Please tell us a little bit about yourself.   

Hometown: Burlington, North Carolina 

Program of study: Anthropology (Conc. Archeology), Appalachian State University 

Position in our Outer Banks national parks: Interpretation Intern 

Where you can be found: All over the park at Wright Brothers National Memorial 

Other national parks you have worked at: Just starting my career here…but I have volunteered all my life at Moores Creek National Battlefield (North Carolina). ?  

Currently listening to: Always and forever listening to the band Lord Huron. 

What do you like to do in your free time? I love exercising, camping, and creating loads and loads of art! 

What do you like most about the Outer Banks? It’s chaotically peaceful. You can feel the forces of nature while alone and tranquil. 

How did you end up in your current position with the National Park Service?   

I worked building trails for AmeriCorps. They had this position with the National Park Service which allowed me the amazing opportunity to come out here! 

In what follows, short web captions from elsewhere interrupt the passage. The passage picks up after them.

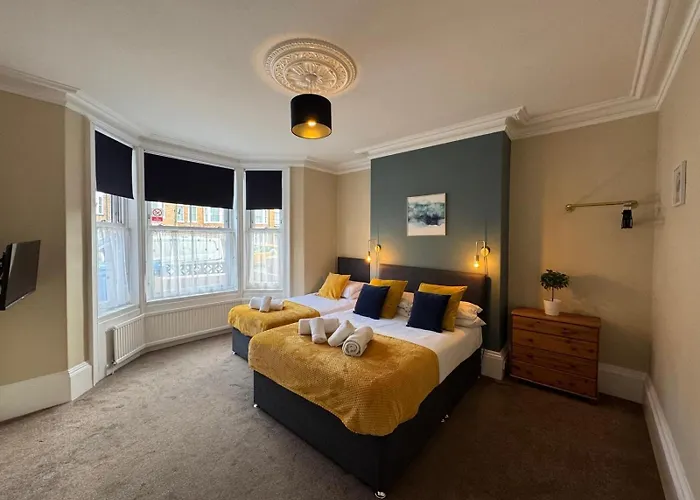 アパート 45 The Square Apartments,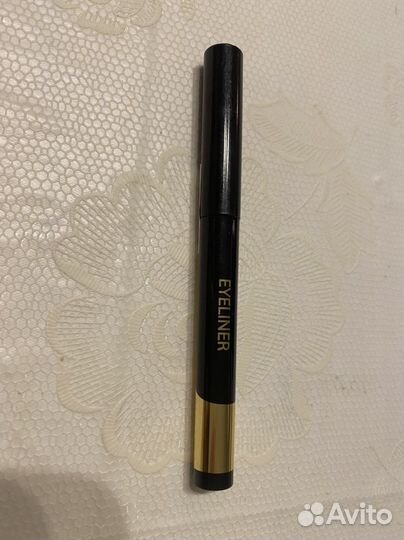 Подводка жидкая черная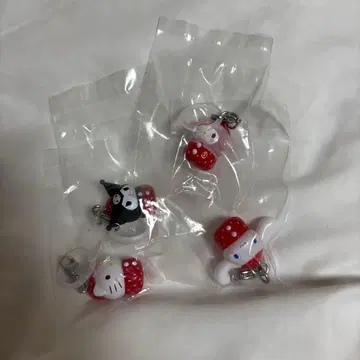 산리오 딸기 메지루시 액세서리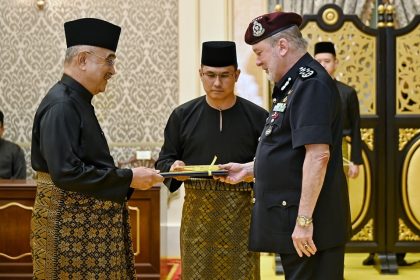 Istiadat Pengurniaan Surat Cara Pelantikan kepada Tuan Yang Terutama Yang di-Pertua Negeri Melaka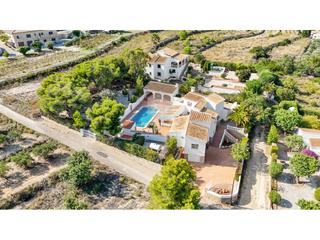 Haus in Centro. Villa de estilo mediterráneo de 4 dormitorios con orientación su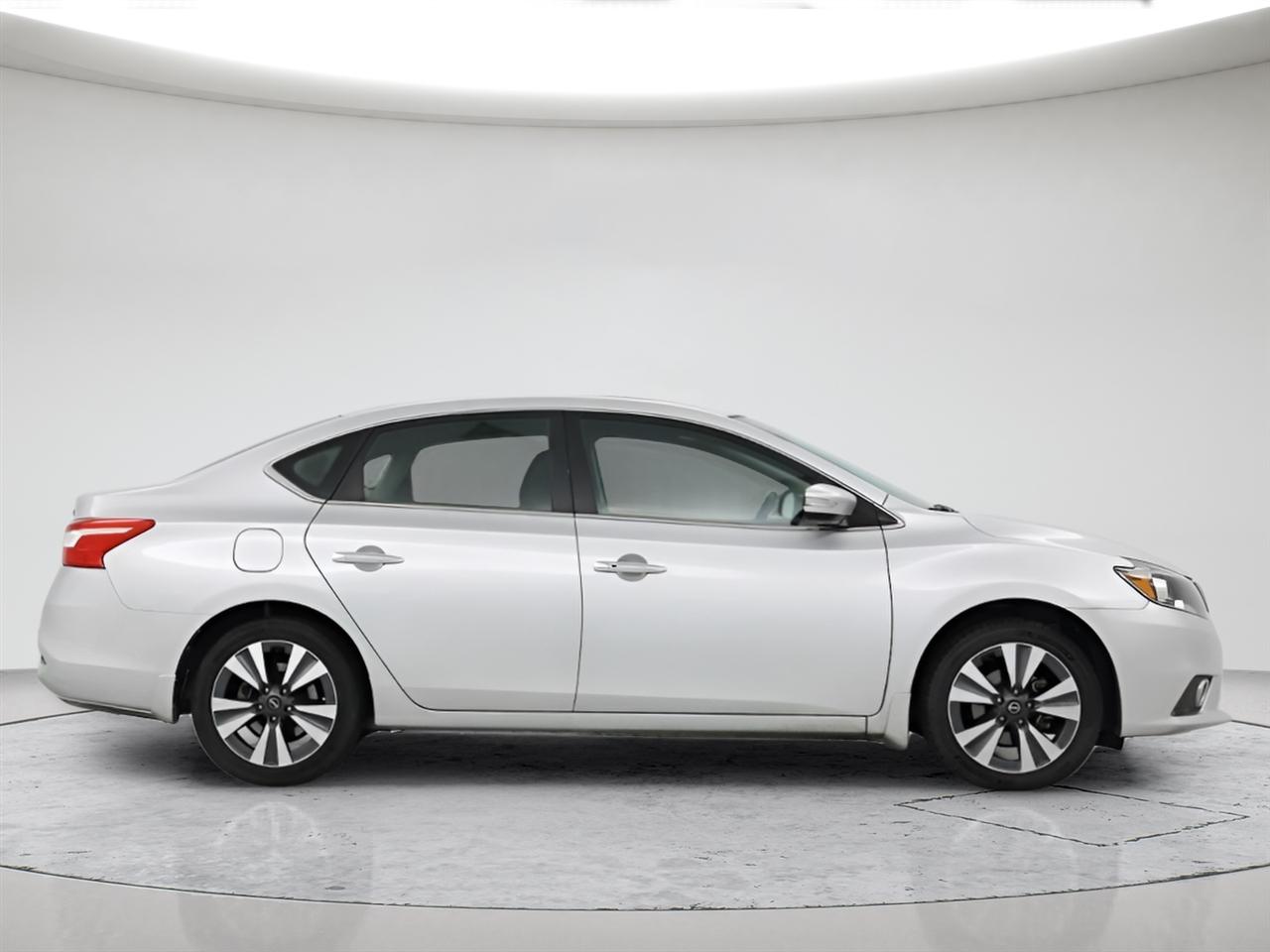Nissan Sentra 4dr Sdn I4 CVT SV 2016
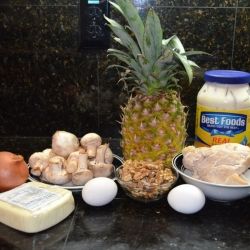 Салат с курицей, ананасом, грибами и орехами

What does a typical workday or work week look like for you? 

I’m able to be a jack-of-all-trades, master-of-many. I spend my days creating social media content, visual art, and programs for the park. I help with spontaneous projects. The best part of the day is when I’m able to present in-person programs for park goers, or just walk to-and-fro outside to my next task. 

What do you enjoy most about working in our Outer Banks national parks?   

Nature and being outside is a huge aspect of what makes me happy. However, the truth is my favorite part is the people. My leaders, co-workers, and all the visitors are just wonderful souls to be around! Every day I make a new friend. 

What is a favorite memory you have from your time working in the Outer Banks?   

One of my first days here I talked to a gentleman who was retired. He was so happy to make it to the place of the first flight. He had spent his entire life looking up to the Wright brothers, even taking a career in engineering because of what they’d done. As he told me this, he seemed like a small boy again. Asking me questions with bright eyes and fidgeting in pure enthusiasm, he made me feel certain that I was in the right place – that my life would be happy if I got to see or foster these moments of uncontaminated wonder. 

Why are our Outer Banks national parks important?   

They create a connection to the land and give us all a reason to preserve these ever-changing, violently erasing islands.  

Is there anything else you would like people to know about you or about our Outer Banks national parks? 

I’m certain that no matter who you are, there is something at our national parks made just for you. Why leave these gifts waiting?